Ci manca una vittoria importante fuori casa, come può esserla quella del Ferraris. Ci manca uno ‘strappo’ perché è vero che nelle ultime otto partite abbiamo fatto belle prestazioni e abbiamo preso pochi gol, ma abbiamo fatto solo due vittorie e sei pareggi. Il morale è migliore perché non perdi ma la classifica si muove vincendo le partite. Noi domenica daremo tutto per poter portare a casa i tre punti.

La partita contro la Sampdoria? Sarà la solita Fiorentina, con lo stesso atteggiamento e concentrazione che abbiamo avuto nella prima parte del campionato. I giorni liberi ci hanno fatto bene per ricaricare le pile per l’ultima parte di stagione. Abbiamo raccolto meno rispetto a quanto meritavamo ma siamo soddisfatti del nostro lavoro. Siamo ancora in una fase del torneo dove ci sono tante squadre in pochi punti. La pressione del risultato ci verrà a fine campionato quando con 2-3 squadre ti giocherai un posto per l’Europa. Per come siamo partiti ad agosto abbiamo fatto grandi passi in avanti. Pensando tutti i giorni, partita dopo partita, a migliorarci, arriveremo a giocarci questa benedetta Europa League e lotteremo fino alla fine.

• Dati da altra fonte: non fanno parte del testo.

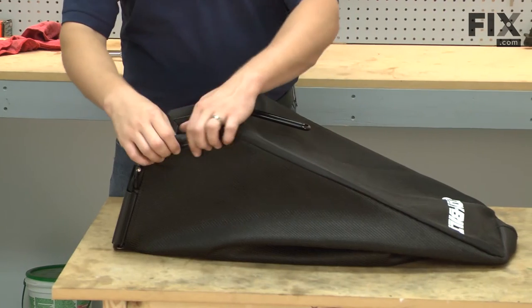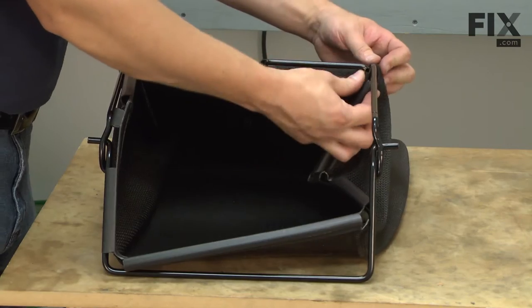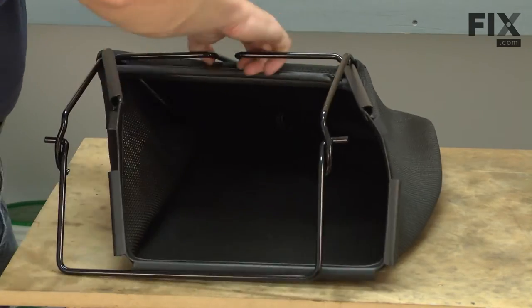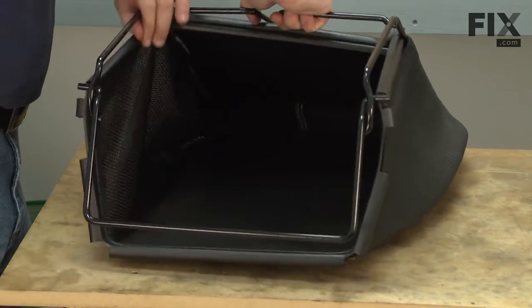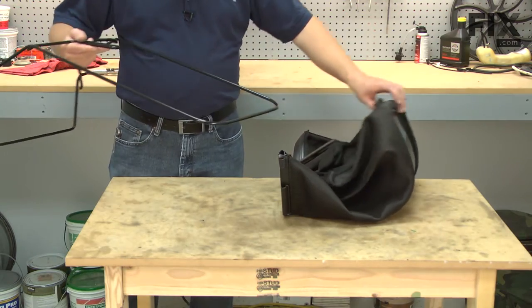I just removed the bag from the bag frame. Now I can insert the frame into the new bag.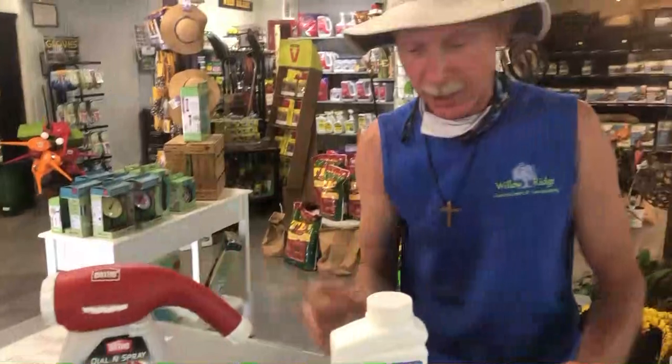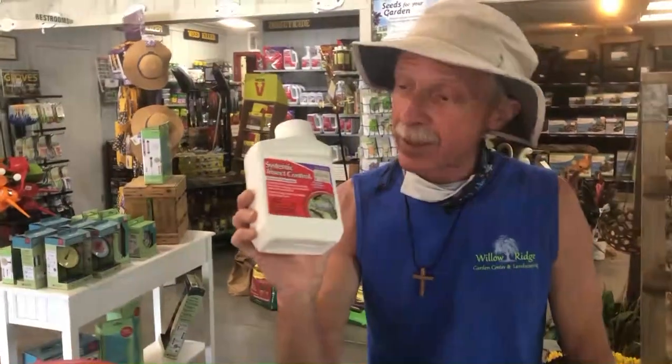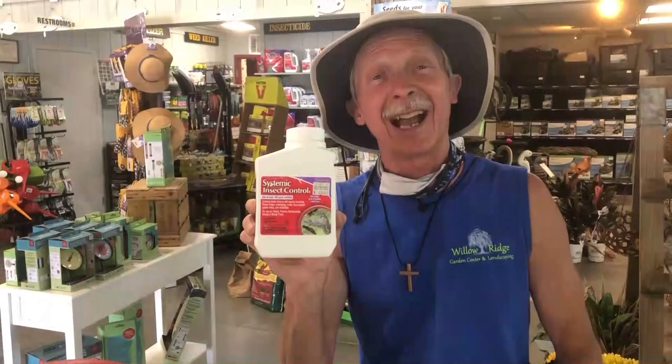Right here at Willow Ridge Garden Center talking about the systemic insect control preventive treatment. This is Greg, your friendly garden guy, saying get your hands dirty — it's good for you.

Il sogno Champions League? Questa squadra è composta da giocatori giovani che hanno grandi margini di miglioramento. Io ne vedo pochi di talenti, anche nelle grandi squadre, superiori ai nostri – ha sottolineato Sportiello -. Nessuna squadra ci ha veramente messo sotto in questo campionato, quindi io credo che tutto sia possibile.

Chiesa? E’ un giocatore davvero forte. Quello che mi stupisce è che ha ancora tantissimi margini di miglioramento, come è normale che sia. Per noi è importante. Fa la differenza, ha la mentalità giusta, è cattivo, ha sempre voglia di spaccare la porta.

Il clima intorno alla proprietà? Noi non ci stiamo davvero pensando, dobbiamo pensare solo al campo, come stiamo dimostrando di fare. Se i tifosi hanno qualcosa contro la società, a noi giocatori non deve interessare. Sentiamo i tifosi anche in trasferta, vengono in tanti a sostenerci, a noi fa piacere e invito a sostenerci ancora di più nella parte finale del campionato.

Il mio futuro? Non ho parlato con la società, adesso ci sono cose più importanti del mio eventuale riscatto. Io ringrazierò la Fiorentina a prescindere che mi riscatti o meno. Adesso non ci sto pensando, sto vivendo il momento, spero di fare il meglio possibile da qui a maggio e poi deciderà la società. Nel caso non venissi riscattato non ci sarebbe nessun problema, ma il mio desiderio è quello di rimanere: Firenze, la Fiorentina, la storia di questa società me le sento addosso e spero di far parte ancora per tanti anni di questa realtà”.